In cloud environments, logs are often the only forensic evidence available. Unlike physical systems, cloud instances may be ephemeral — the instance that was compromised may no longer exist.

AWS CloudTrail: Records all API calls to AWS services — who did what, when, from which IP, with which credentials. Essential for detecting unauthorized IAM changes, data access, and resource modifications. Enable in all regions, including management events.
Azure AD Audit Log & Sign-in Log: Records all identity events — user sign-ins, MFA events, conditional access outcomes, role assignments, app consent grants. Retained 30 days free; extend via Log Analytics.
GCP Admin Activity Audit Logs: Records admin actions on GCP resources. Always enabled, free, retained 400 days.
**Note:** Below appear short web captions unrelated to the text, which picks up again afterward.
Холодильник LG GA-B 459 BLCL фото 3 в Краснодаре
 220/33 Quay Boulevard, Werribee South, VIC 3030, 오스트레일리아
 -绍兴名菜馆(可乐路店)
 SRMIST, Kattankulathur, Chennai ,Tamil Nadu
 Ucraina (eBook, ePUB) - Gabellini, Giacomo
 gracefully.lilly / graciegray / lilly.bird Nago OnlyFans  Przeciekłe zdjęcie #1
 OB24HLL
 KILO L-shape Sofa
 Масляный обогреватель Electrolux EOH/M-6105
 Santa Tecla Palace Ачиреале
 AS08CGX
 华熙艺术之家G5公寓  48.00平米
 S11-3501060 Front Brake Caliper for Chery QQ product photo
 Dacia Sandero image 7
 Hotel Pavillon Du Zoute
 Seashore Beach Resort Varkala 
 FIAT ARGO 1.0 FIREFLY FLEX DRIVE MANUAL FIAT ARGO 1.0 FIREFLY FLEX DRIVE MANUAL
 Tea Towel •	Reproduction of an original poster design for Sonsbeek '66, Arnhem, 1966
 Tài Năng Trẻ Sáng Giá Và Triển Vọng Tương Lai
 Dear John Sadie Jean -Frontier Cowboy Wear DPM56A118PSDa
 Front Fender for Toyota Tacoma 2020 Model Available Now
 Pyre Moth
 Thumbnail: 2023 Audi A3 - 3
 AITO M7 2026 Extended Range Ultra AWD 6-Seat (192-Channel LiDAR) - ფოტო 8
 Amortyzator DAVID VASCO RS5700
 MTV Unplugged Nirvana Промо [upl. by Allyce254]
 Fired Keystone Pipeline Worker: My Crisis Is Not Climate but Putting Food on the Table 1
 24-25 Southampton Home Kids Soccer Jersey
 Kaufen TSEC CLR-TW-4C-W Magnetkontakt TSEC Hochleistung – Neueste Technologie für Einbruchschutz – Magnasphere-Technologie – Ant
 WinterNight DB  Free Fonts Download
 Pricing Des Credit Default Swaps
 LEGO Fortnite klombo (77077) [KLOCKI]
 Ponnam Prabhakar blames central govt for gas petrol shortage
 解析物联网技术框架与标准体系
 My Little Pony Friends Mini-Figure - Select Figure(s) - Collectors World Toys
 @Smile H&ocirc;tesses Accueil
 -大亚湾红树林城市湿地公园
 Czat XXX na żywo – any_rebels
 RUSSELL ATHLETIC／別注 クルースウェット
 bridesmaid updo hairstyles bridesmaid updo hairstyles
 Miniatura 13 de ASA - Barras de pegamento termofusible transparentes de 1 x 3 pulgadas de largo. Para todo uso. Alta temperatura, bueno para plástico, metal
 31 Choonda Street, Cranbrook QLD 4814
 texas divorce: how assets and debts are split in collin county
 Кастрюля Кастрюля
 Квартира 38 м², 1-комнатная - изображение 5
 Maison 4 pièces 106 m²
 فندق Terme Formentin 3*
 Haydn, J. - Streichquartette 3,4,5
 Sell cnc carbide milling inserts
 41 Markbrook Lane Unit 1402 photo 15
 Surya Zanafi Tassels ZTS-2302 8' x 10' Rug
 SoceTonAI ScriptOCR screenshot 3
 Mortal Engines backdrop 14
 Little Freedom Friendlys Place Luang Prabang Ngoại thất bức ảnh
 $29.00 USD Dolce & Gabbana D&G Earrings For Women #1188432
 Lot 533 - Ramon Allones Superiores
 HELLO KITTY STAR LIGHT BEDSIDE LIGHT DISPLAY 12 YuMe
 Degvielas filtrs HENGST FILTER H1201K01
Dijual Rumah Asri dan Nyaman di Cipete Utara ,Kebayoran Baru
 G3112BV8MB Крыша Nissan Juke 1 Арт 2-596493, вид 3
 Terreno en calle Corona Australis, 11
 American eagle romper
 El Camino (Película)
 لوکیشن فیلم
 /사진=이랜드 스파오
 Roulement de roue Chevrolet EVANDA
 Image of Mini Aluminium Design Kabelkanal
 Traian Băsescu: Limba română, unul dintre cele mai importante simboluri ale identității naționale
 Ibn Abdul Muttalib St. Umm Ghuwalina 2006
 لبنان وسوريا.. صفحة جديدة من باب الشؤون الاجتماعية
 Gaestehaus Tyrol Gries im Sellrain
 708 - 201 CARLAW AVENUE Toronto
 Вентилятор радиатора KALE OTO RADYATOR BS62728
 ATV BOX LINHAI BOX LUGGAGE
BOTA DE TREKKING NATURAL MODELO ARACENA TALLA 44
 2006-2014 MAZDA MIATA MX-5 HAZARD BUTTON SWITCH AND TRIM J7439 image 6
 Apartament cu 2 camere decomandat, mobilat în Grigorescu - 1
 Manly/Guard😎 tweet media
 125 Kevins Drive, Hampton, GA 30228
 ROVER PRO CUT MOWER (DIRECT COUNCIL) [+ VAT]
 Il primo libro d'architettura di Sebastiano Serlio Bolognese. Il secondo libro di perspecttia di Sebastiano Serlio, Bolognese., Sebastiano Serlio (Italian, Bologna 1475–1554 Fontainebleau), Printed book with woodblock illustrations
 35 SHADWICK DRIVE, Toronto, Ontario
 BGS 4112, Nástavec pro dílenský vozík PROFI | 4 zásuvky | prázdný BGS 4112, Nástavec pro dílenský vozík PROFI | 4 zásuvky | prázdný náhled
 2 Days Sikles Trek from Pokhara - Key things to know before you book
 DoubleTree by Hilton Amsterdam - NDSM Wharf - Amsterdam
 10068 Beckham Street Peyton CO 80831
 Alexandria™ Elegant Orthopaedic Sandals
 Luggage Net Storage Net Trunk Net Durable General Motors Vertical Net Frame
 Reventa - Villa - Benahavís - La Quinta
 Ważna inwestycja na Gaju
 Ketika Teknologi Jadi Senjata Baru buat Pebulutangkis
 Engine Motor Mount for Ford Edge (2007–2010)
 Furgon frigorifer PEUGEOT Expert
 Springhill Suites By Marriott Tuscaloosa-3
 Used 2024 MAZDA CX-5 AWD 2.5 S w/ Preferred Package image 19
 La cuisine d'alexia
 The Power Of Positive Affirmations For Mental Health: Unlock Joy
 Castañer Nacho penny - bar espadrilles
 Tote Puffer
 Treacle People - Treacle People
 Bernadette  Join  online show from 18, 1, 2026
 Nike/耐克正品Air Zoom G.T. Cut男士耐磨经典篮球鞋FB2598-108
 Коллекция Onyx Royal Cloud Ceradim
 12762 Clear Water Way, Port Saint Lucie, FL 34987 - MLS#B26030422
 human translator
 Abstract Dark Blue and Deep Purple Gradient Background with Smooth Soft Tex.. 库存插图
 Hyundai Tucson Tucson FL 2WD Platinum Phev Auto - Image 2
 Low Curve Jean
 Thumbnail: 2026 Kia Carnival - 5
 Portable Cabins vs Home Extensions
Supplemented by Data Access logs (disabled by default due to volume).
Cloud forensics limitation: no memory forensics on cloud VMs (unless snapshot was taken). No kernel-level visibility without agent. Cloud provider logs are often the only evidence available for cloud-native attacks.
Enable VPC Flow Logs (AWS), NSG Flow Logs (Azure), VPC Flow Logs (GCP) for network-level visibility. These are not enabled by default and represent the closest equivalent to network flow analysis in cloud.

Comprehensive Logging Before the Incident is Everything

In cloud-native and hybrid environments, logs are often the only forensic evidence available. Without AWS CloudTrail, you cannot reconstruct which API calls were made during an AWS incident. Without Azure AD sign-in logs extended beyond 30 days, you cannot determine if an attacker was present before the detection window. Without Windows process creation audit logging with command-line arguments enabled, Event 4688 tells you that cmd.exe ran but not what it ran. The time to configure comprehensive logging is before an incident occurs. Audit your logging coverage quarterly against a reference checklist, and treat logging gaps as security controls gaps — because they are.